> _How to complete this task_
From the entries that follow, copy each line in which "describe" appears.

[Image-text web data]

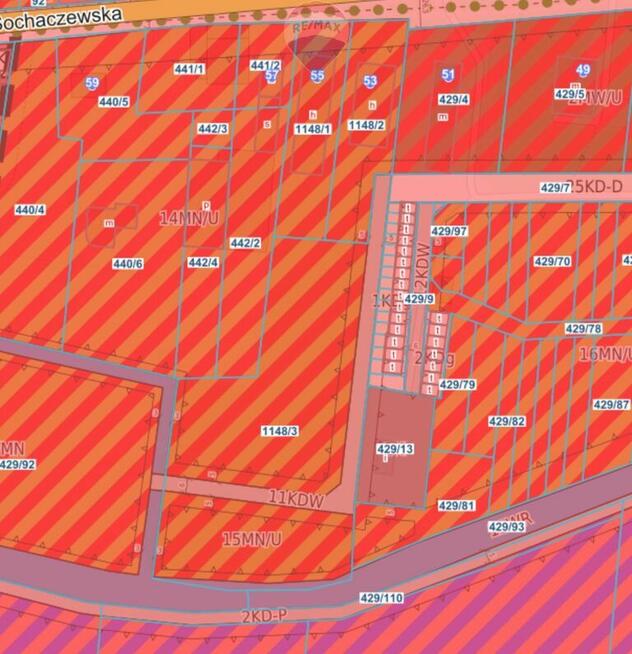 Zabudowa pod bliźniaki, MPZP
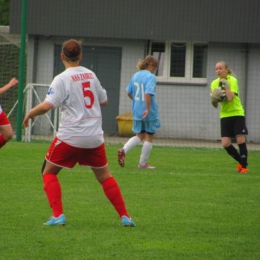 UKS Jaskółki Chorzów - KKS Zabrze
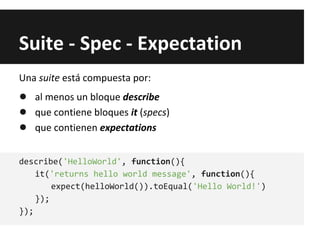 Suite - Spec - Expectation
Una suite está compuesta por:
● al menos un bloque describe
● que contiene bloques it (specs)
● que contienen expectations
describe('HelloWorld', function(){
it('returns hello world message', function(){
expect(helloWorld()).toEqual('Hello World!')
});
});
 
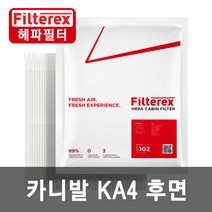 필터렉스 PM0.3 헤파 카니발(KA4) 4세대 후면 차량용 에어컨필터, 기아, 1개-카니발KA4후면 2020~(S120)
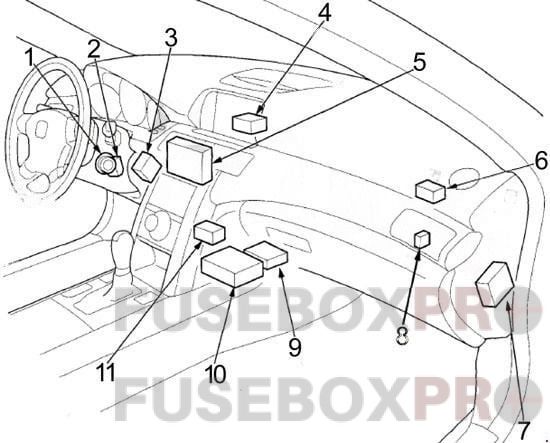 Acura RL 2005 2012 dashboard 3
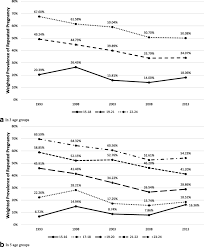 Out of this number, 25% or about 4,500 cases involved pregnancy out of wedlock. Trends In Repeated Pregnancy Among Adolescents In The Philippines From 1993 To 2013 Reproductive Health Full Text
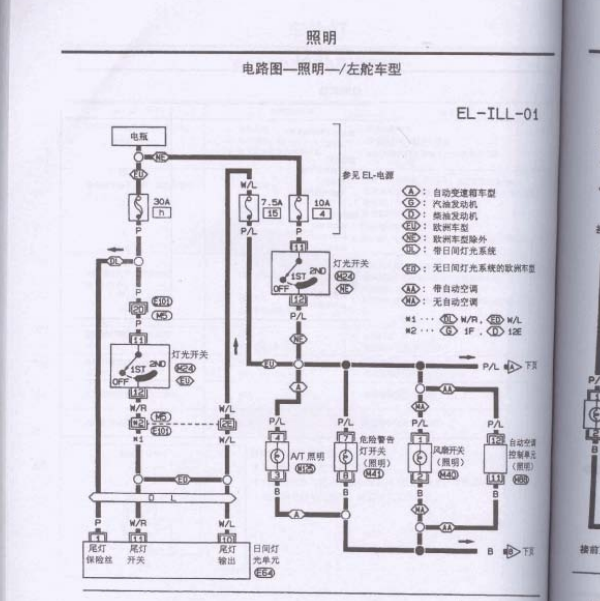 2009年日产锐骐灯光电路图
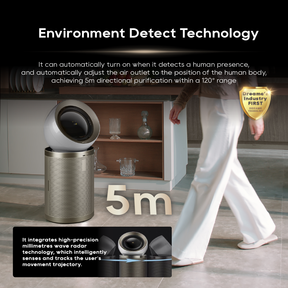 【GRAND LAUNCH】Dreame PM10 Air Purifier Fan Powered By DC Fan｜DualAirflow Modulation & Environment Detect | H13 Hepa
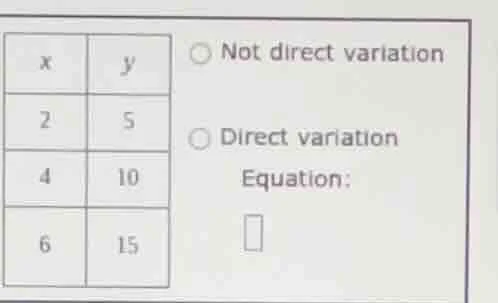 x y 2 5 4 10 6 15 not direct variation direct variation equation:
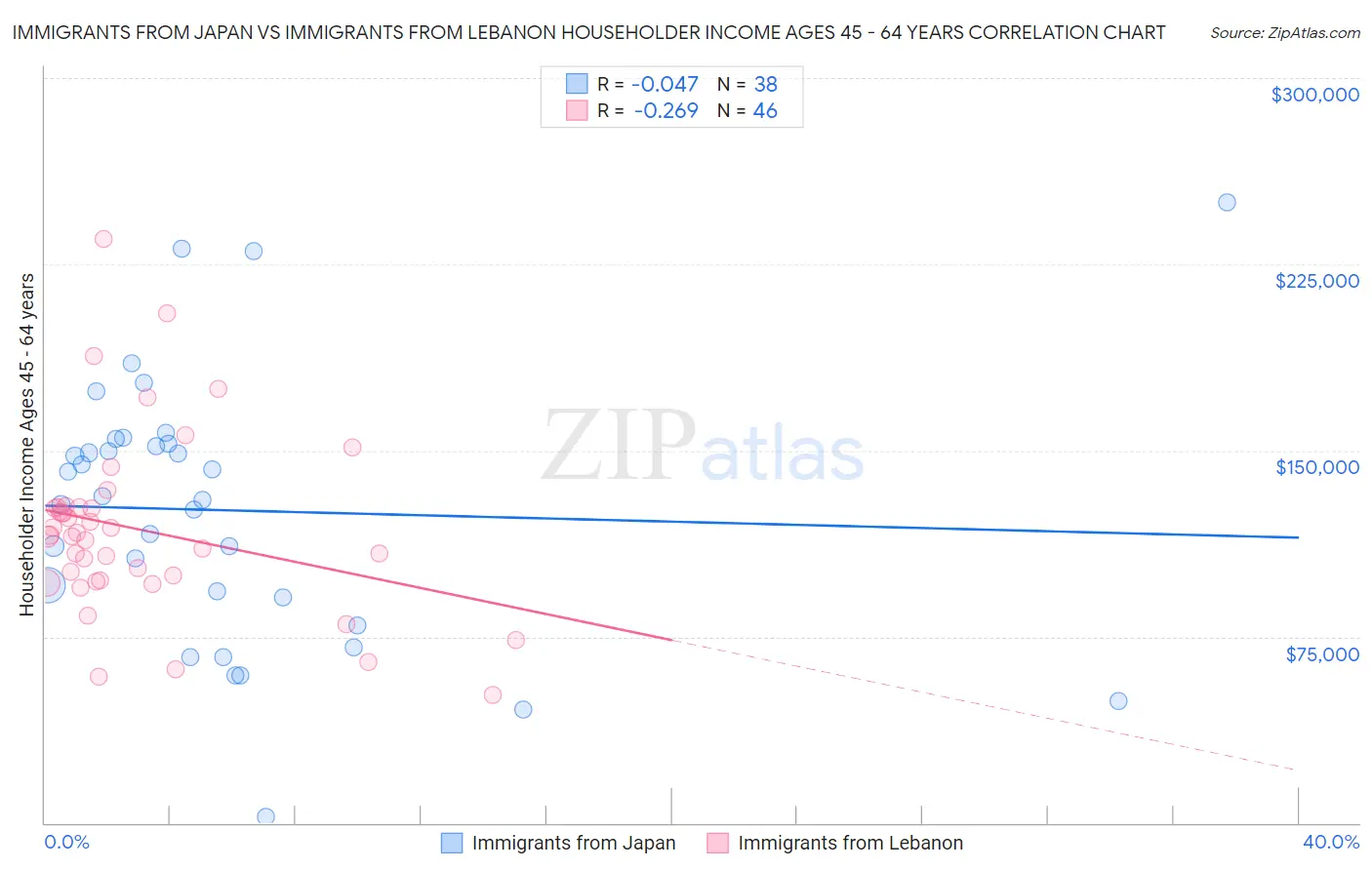 Immigrants from Japan vs Immigrants from Lebanon Householder Income Ages 45 - 64 years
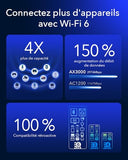 Cudy P5 routeur sans fil Gigabit Ethernet Bi-bande (2,4 GHz / 5 GHz) 5G Noir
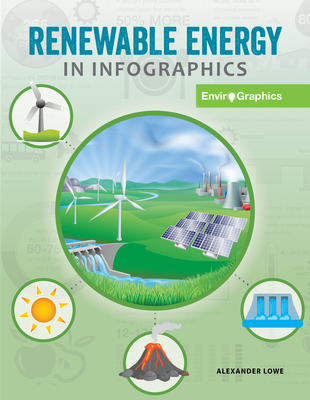 Renewable Energy in Infographics - Lowe, Alexander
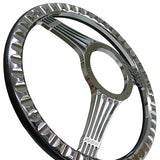 Universal Fitment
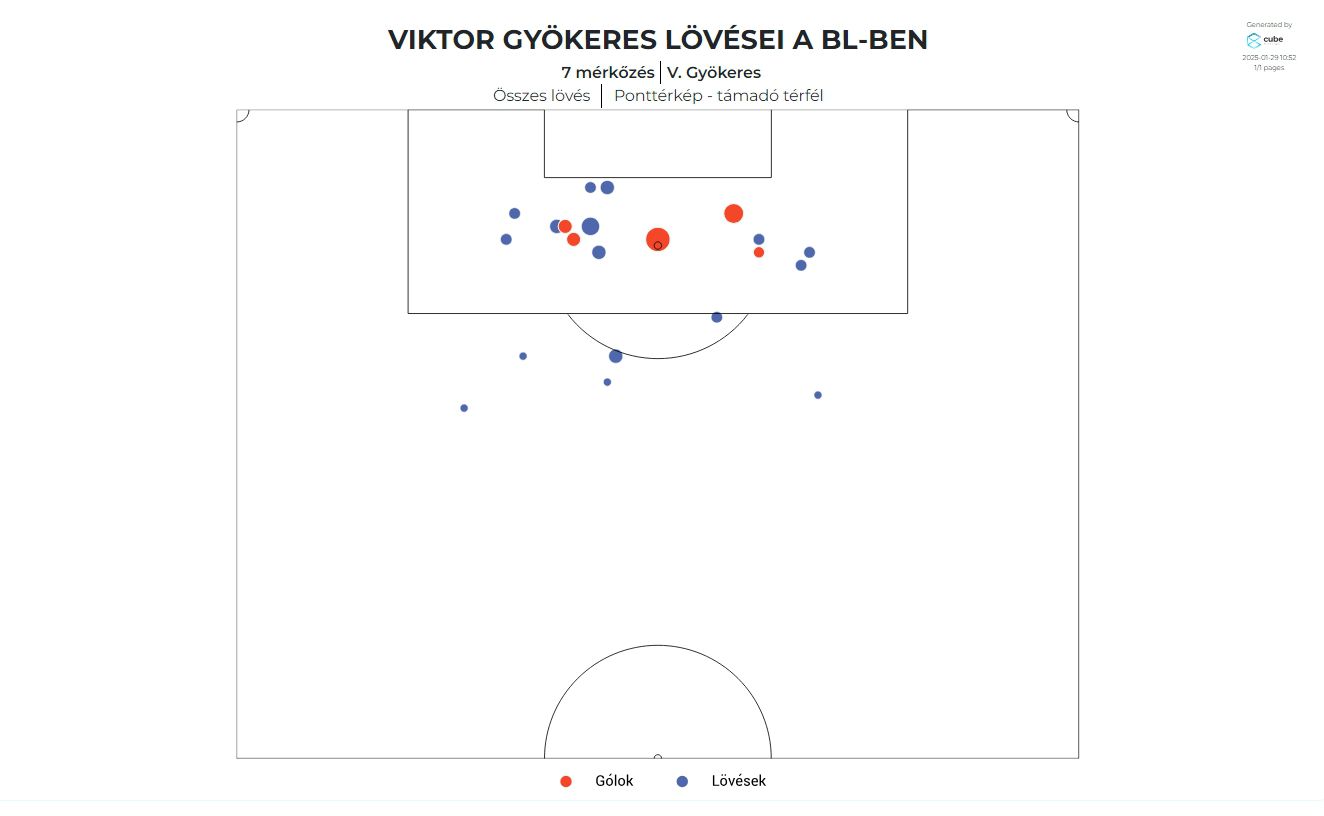 Viktor Gyökeres a BL-ben is rengeteg lövést intéz a kapukra (Forrás: Cube)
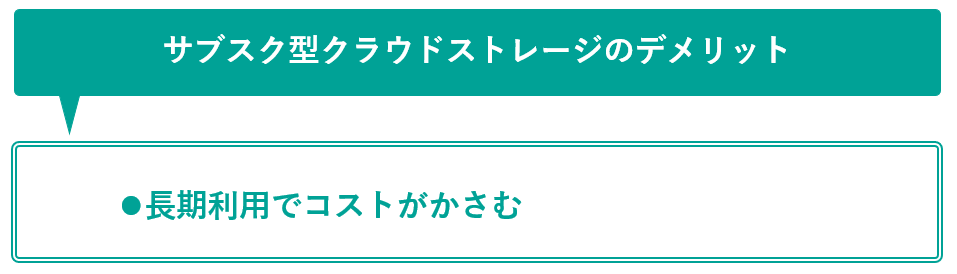 イメージ：サブスク型クラウドストレージのデメリットは長期利用でのコスト面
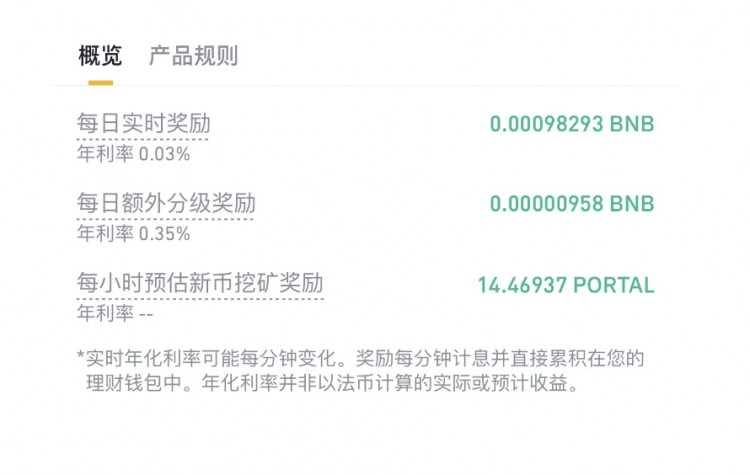 BNB熱潮持續多重收益優勢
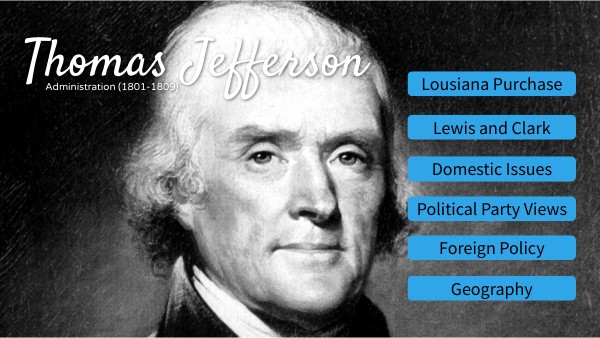 Jefferson Hyperdoc | Genially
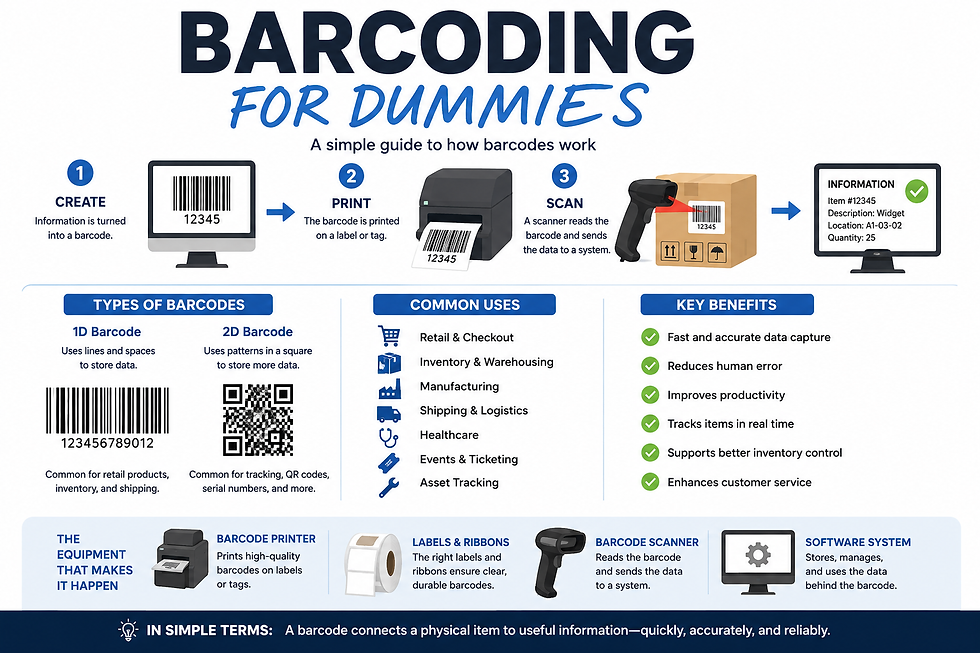 Barcoding for Dummies: A Simple Guide to How Barcodes Work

> _Solution for this exercise_
● al menos un bloque describe
describe('HelloWorld', function(){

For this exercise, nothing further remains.